**WORK TO COMPLETE**
Where the records below show a line containing "1334 Garden Wall", start copying; end with the line containing "Topo Imagem Tatuagem", and copy it too.

══ INFORMATION PROVIDED

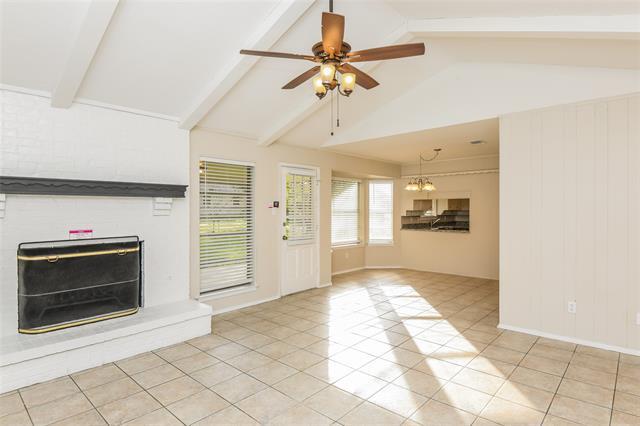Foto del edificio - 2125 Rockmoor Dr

════
══ INFORMATION PROVIDED

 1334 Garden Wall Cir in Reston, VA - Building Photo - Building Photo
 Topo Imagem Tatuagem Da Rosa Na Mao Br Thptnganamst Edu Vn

════

**REPLY TO THE EXERCISE**
 1334 Garden Wall Cir in Reston, VA - Building Photo - Building Photo
 Topo Imagem Tatuagem Da Rosa Na Mao Br Thptnganamst Edu Vn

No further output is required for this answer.